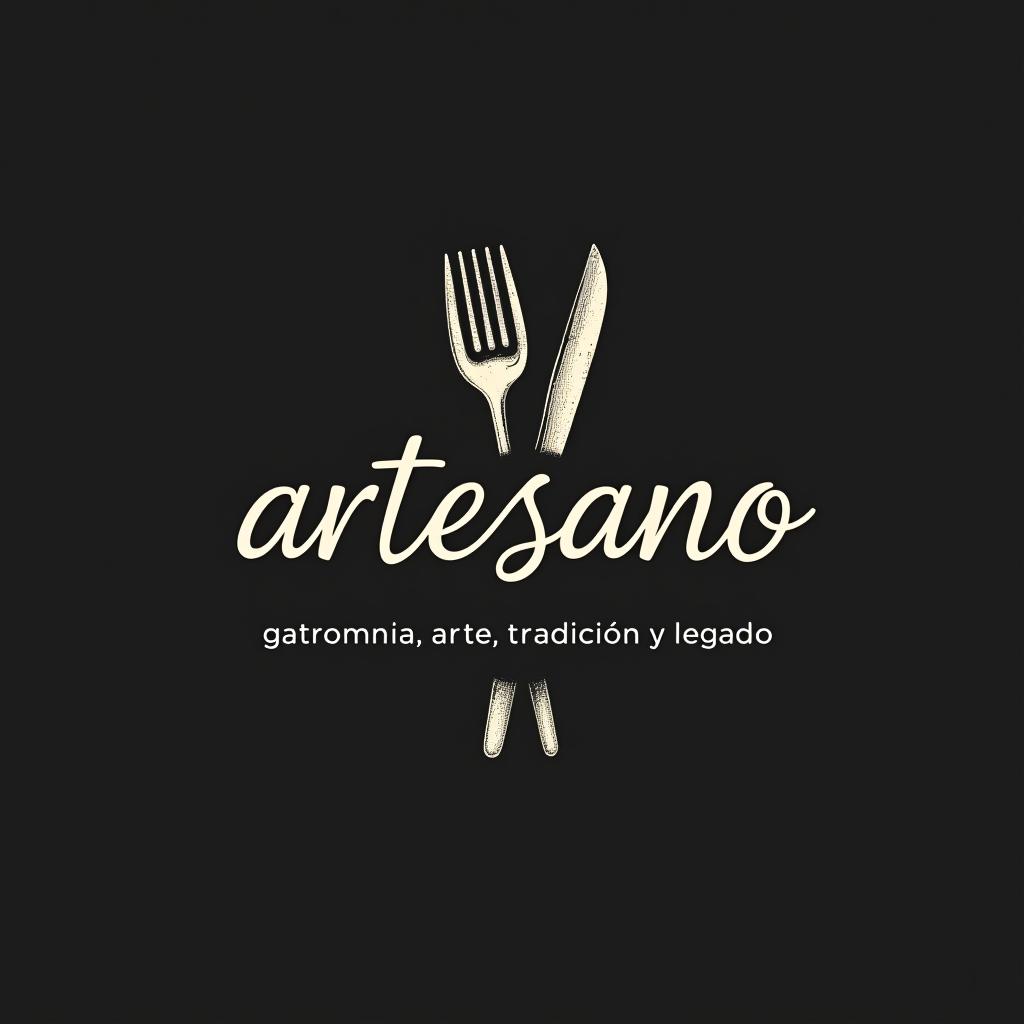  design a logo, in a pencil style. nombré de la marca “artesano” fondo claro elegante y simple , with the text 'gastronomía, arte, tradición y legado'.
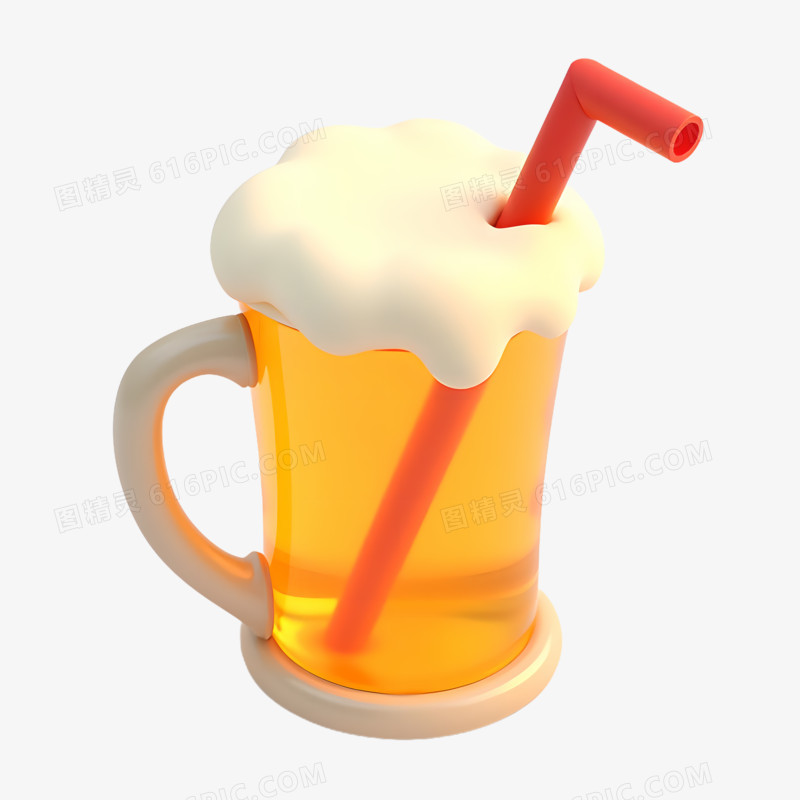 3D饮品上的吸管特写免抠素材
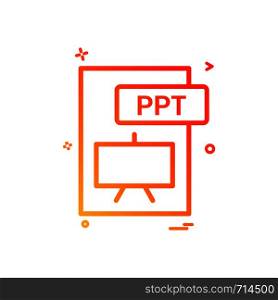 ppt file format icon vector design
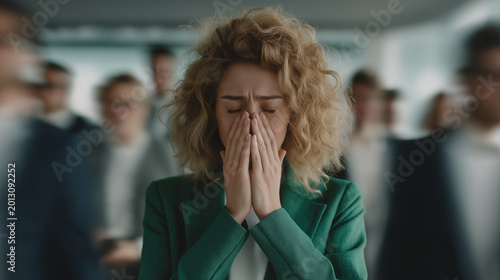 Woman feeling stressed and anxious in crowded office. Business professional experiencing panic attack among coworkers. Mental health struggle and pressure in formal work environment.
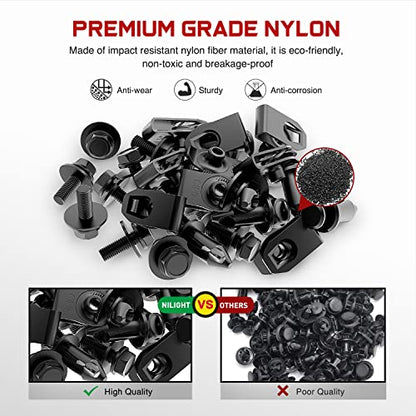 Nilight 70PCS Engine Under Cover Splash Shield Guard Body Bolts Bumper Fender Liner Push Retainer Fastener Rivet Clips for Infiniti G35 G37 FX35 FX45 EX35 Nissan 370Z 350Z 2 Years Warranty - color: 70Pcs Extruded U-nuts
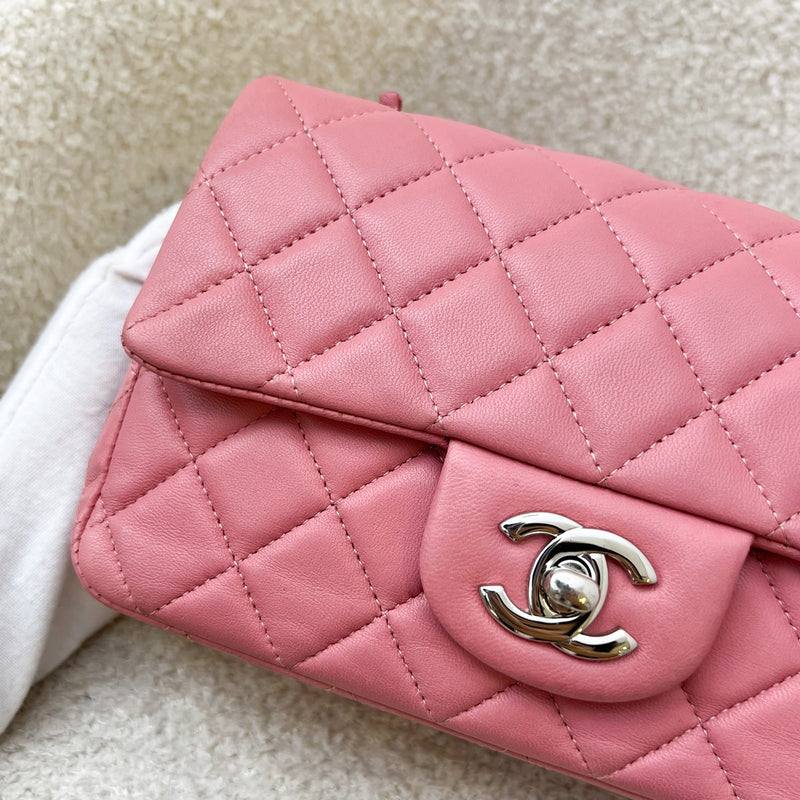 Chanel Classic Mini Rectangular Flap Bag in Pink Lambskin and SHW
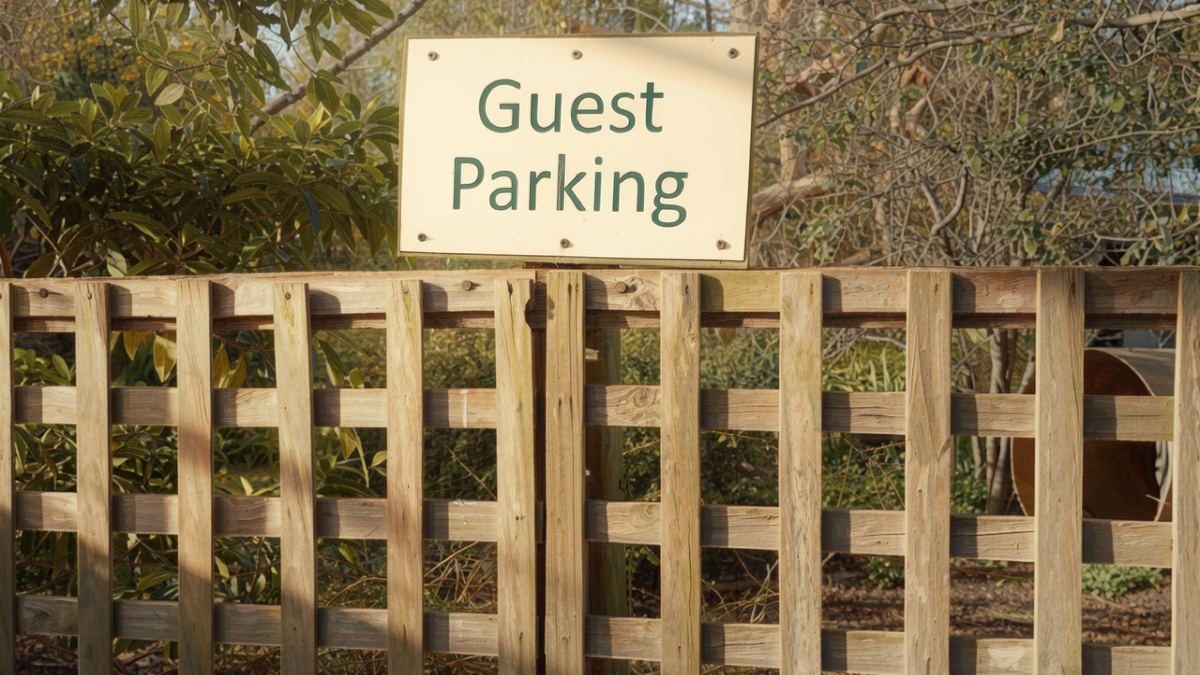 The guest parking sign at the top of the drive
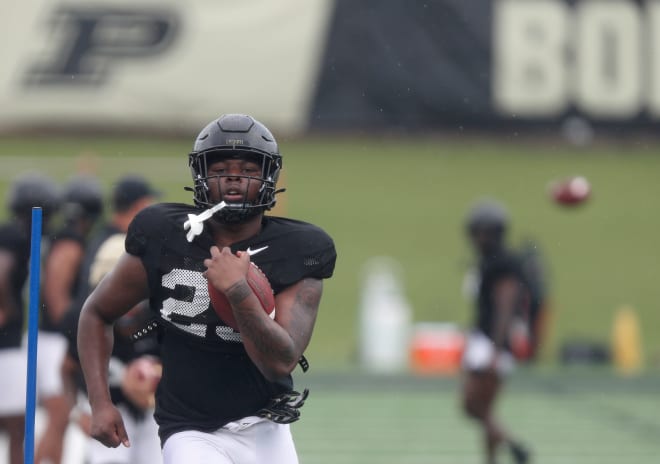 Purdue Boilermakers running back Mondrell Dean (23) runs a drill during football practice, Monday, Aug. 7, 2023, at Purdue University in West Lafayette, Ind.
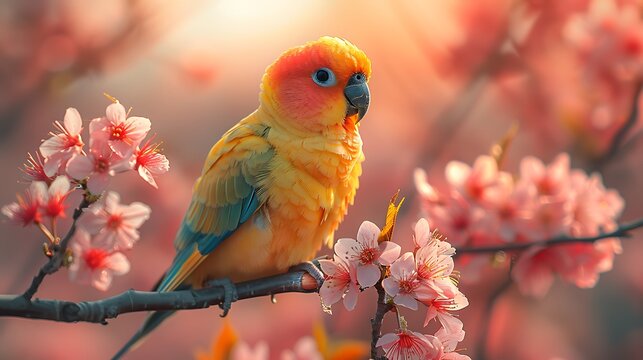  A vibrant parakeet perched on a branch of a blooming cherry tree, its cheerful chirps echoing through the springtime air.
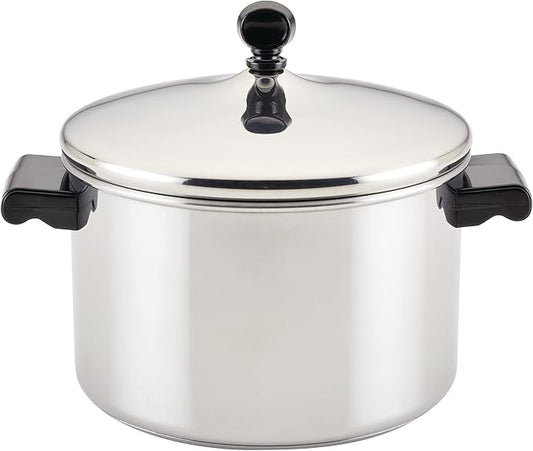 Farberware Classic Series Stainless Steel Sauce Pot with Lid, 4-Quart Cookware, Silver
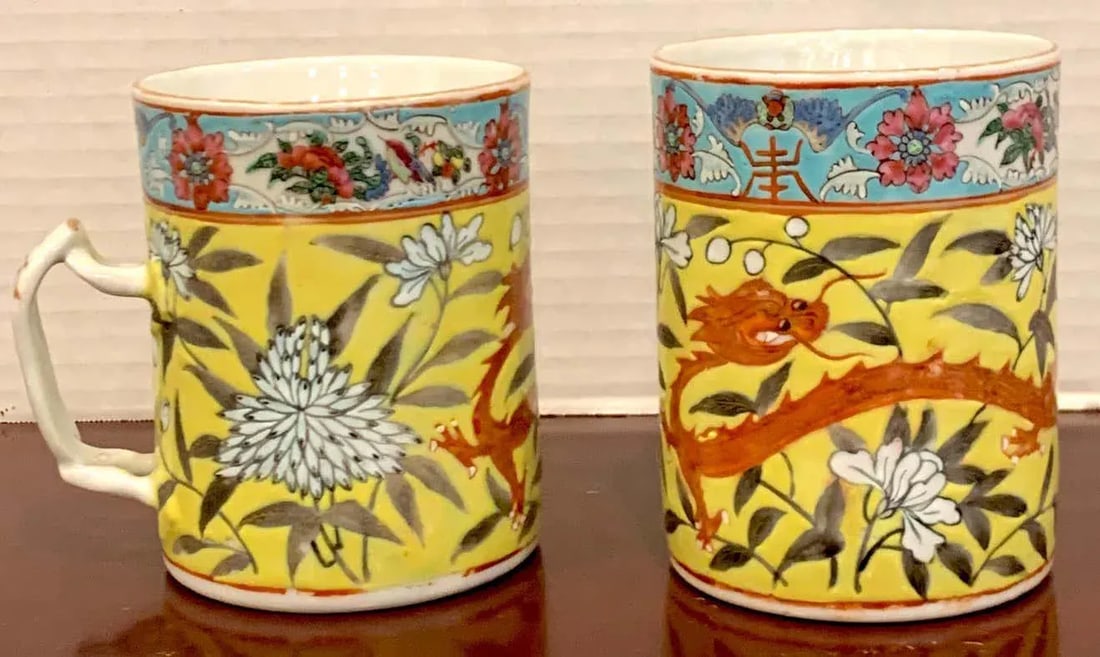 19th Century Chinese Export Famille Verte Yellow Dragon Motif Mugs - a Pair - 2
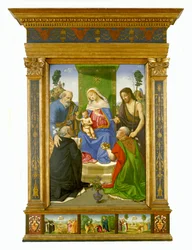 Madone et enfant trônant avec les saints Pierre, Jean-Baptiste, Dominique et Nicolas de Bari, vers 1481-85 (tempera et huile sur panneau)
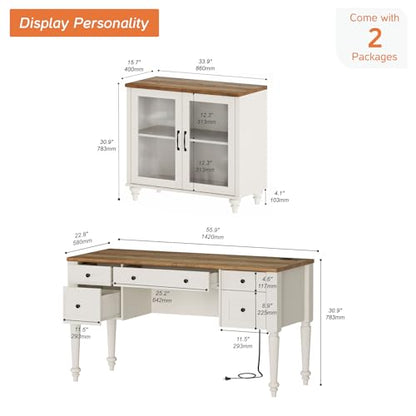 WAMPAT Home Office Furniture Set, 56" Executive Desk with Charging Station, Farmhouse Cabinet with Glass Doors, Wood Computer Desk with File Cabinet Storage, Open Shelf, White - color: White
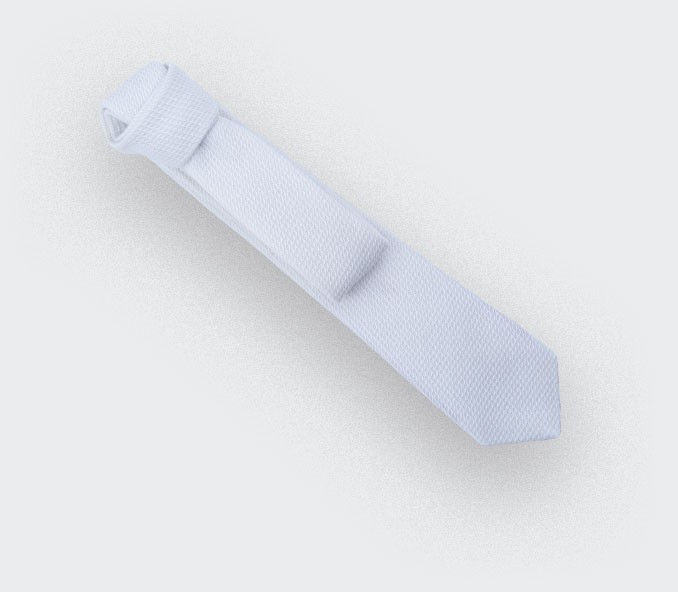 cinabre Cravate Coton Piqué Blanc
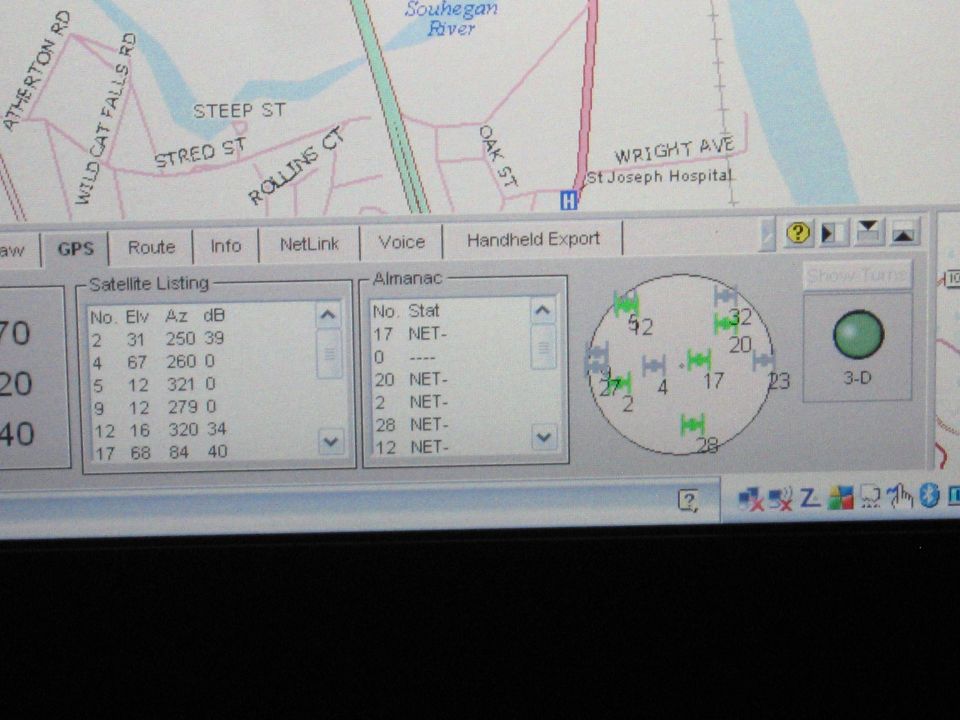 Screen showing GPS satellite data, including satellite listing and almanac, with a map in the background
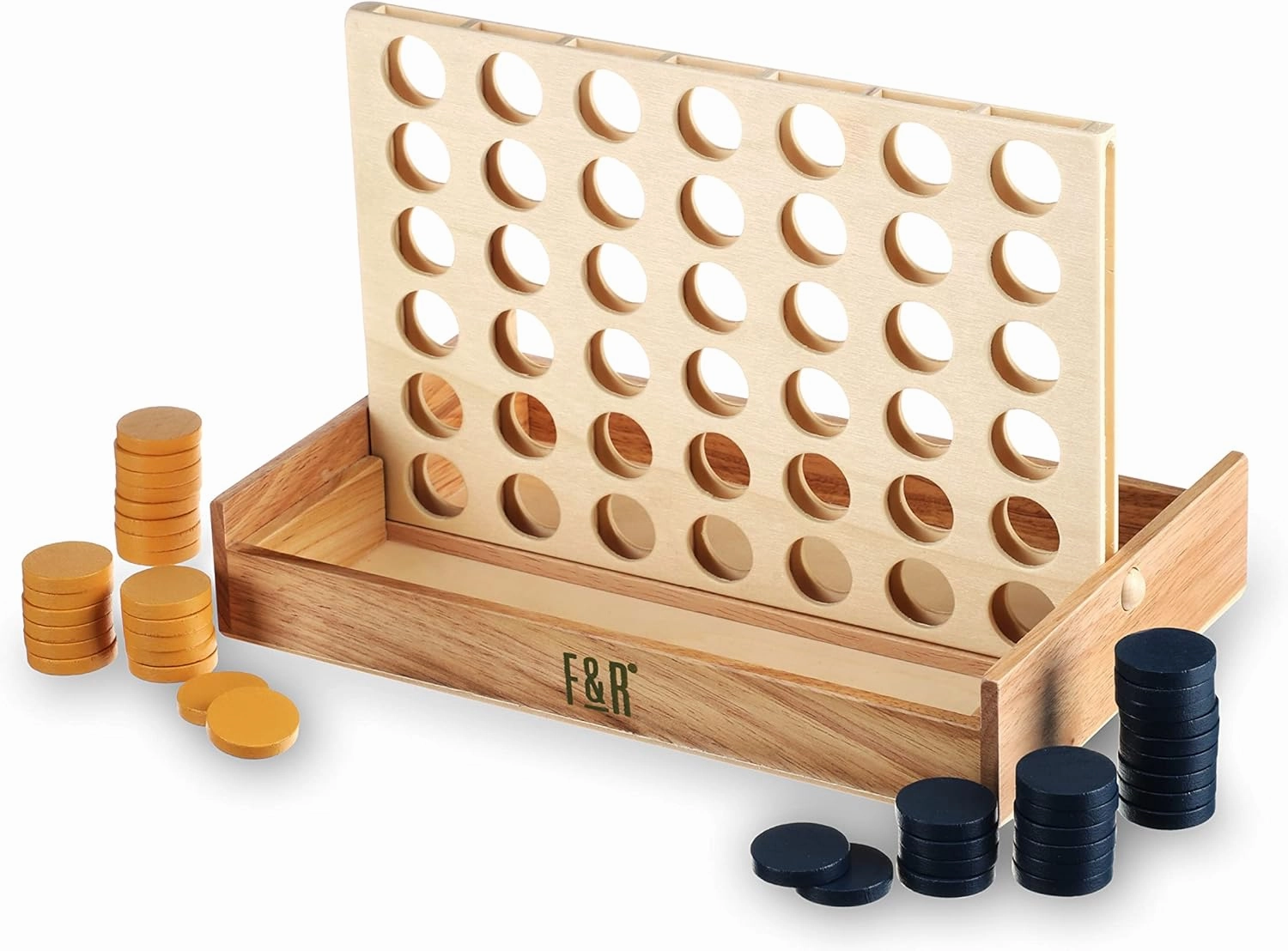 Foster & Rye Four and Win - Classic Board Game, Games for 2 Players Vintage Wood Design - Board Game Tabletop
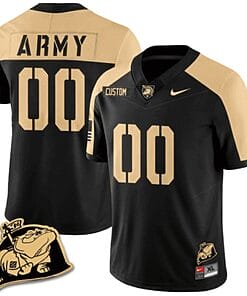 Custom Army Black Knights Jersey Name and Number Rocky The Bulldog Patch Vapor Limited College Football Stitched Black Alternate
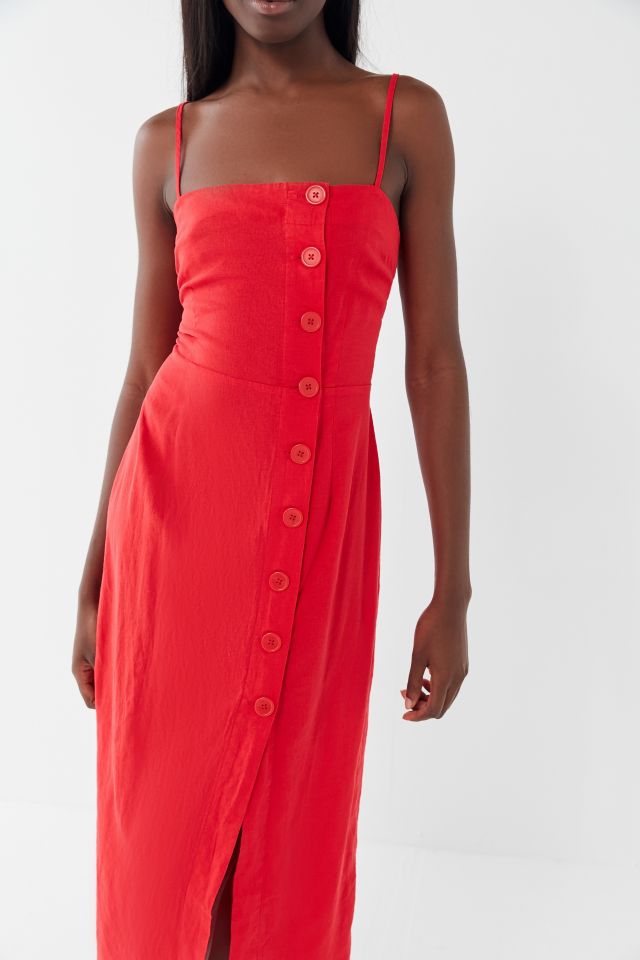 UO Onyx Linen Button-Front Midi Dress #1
---
Work task: What should come back is an exact copy of the lines above from the line with "Screen showing GPS" to the line with "Custom Army Black", both included, minus the pictures.

Output for this task:
 Screen showing GPS satellite data, including satellite listing and almanac, with a map in the background
 Foster & Rye Four and Win - Classic Board Game, Games for 2 Players Vintage Wood Design - Board Game Tabletop
 Custom Army Black Knights Jersey Name and Number Rocky The Bulldog Patch Vapor Limited College Football Stitched Black Alternate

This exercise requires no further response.